-- Data provided --
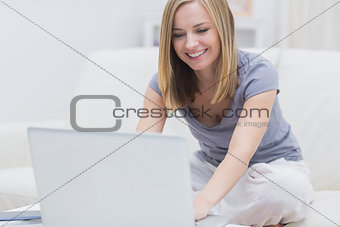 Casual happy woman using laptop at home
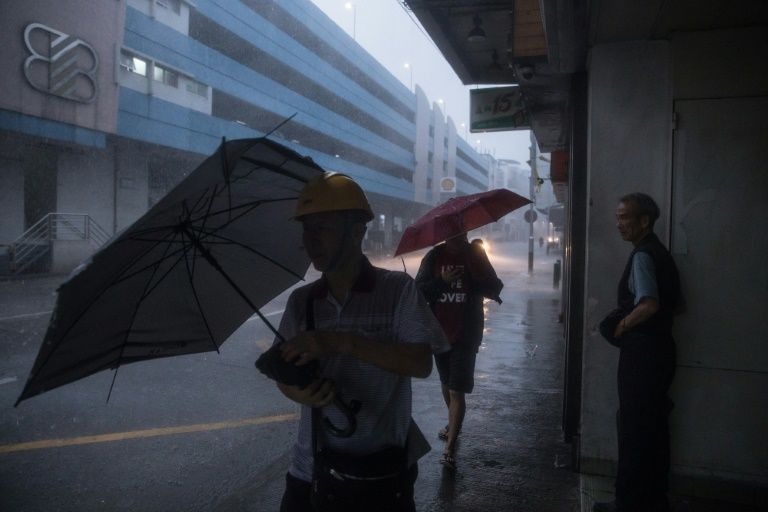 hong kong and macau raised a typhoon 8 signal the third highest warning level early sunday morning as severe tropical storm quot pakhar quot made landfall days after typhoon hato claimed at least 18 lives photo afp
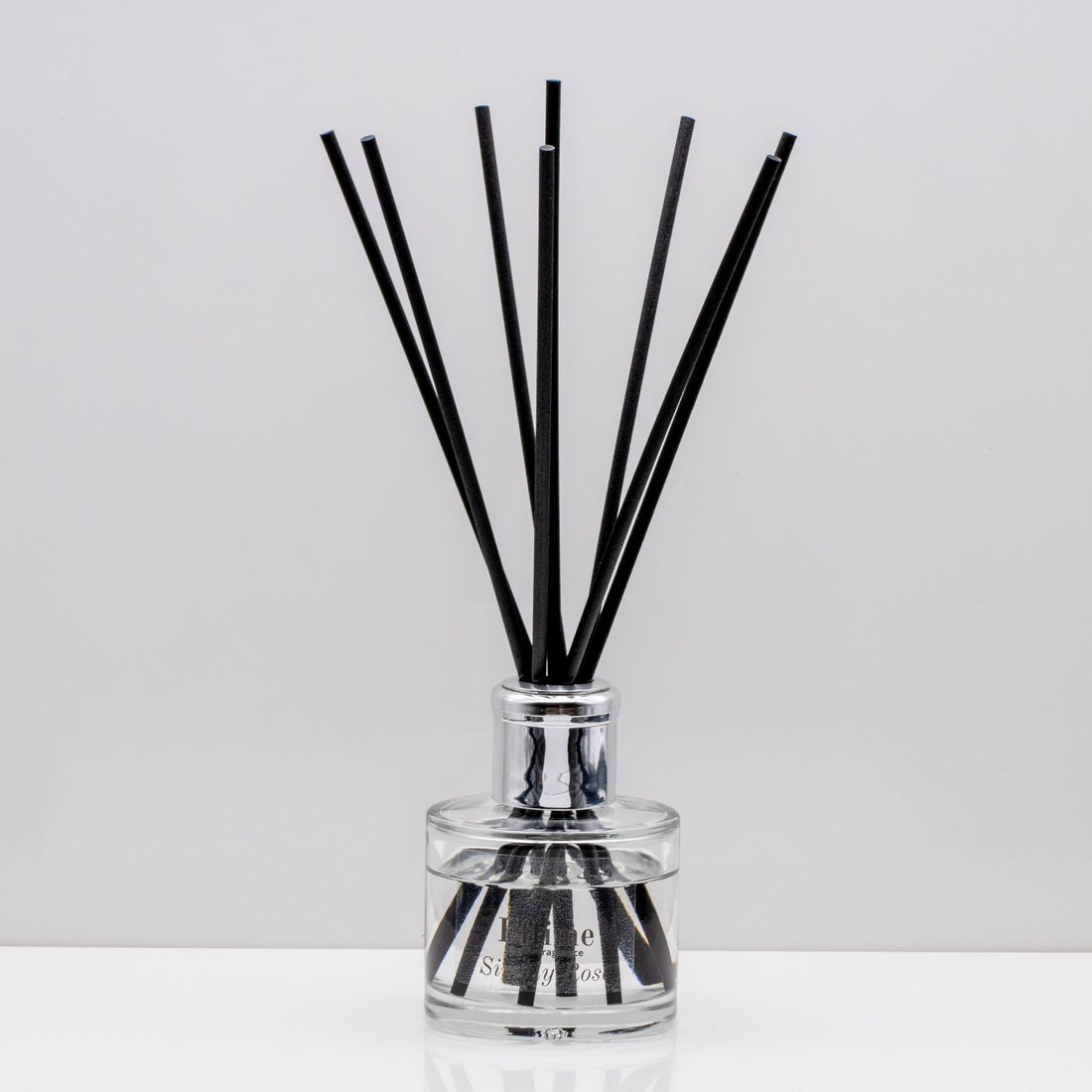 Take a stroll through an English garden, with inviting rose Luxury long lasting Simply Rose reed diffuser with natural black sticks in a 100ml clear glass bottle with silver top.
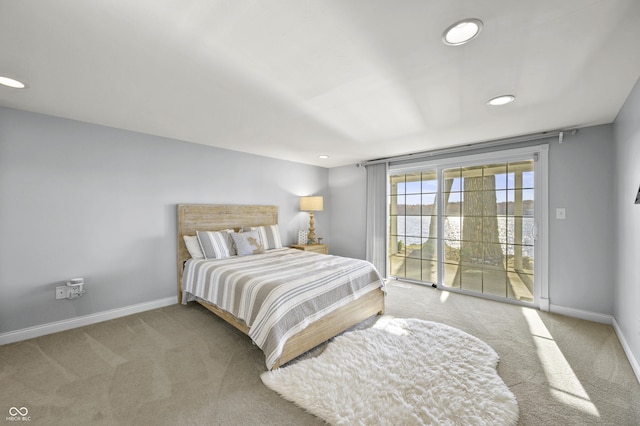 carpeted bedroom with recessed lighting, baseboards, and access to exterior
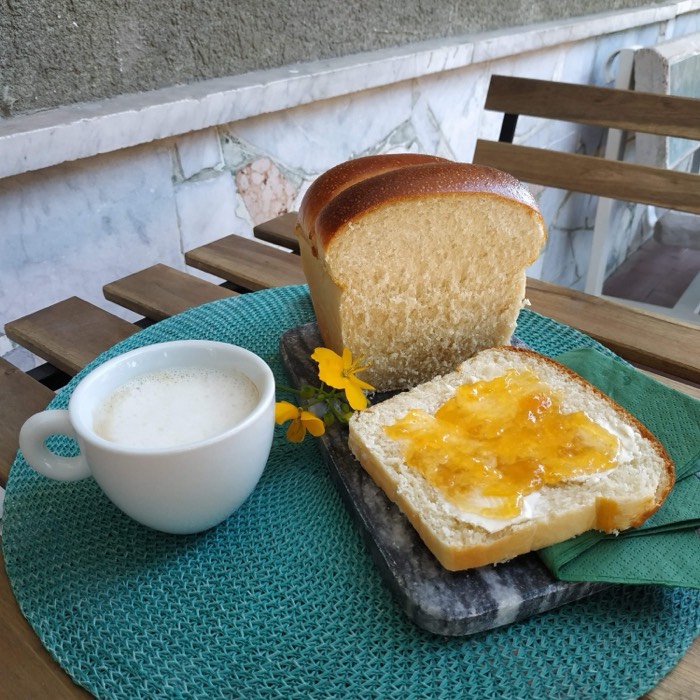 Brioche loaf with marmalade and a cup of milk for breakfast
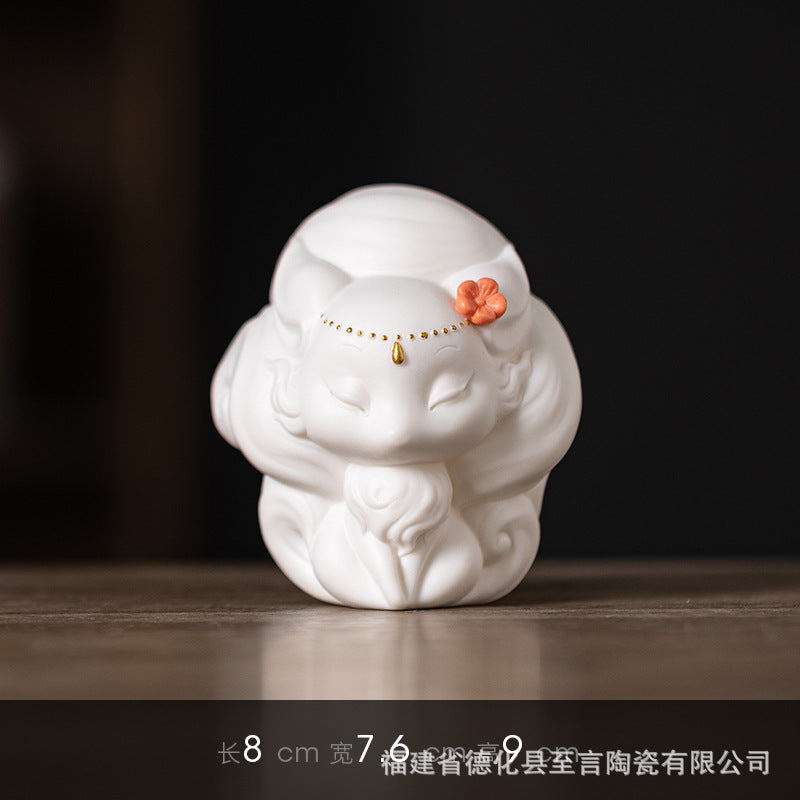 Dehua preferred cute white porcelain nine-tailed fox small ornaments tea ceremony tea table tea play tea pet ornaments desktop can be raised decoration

-- About this task --
Transcribe, word for word, only the material from its opening line through the line containing "hong kong and", both ends included, and omit the pictures.

-- Task response --
 Casual happy woman using laptop at home
 hong kong and macau raised a typhoon 8 signal the third highest warning level early sunday morning as severe tropical storm quot pakhar quot made landfall days after typhoon hato claimed at least 18 lives photo afp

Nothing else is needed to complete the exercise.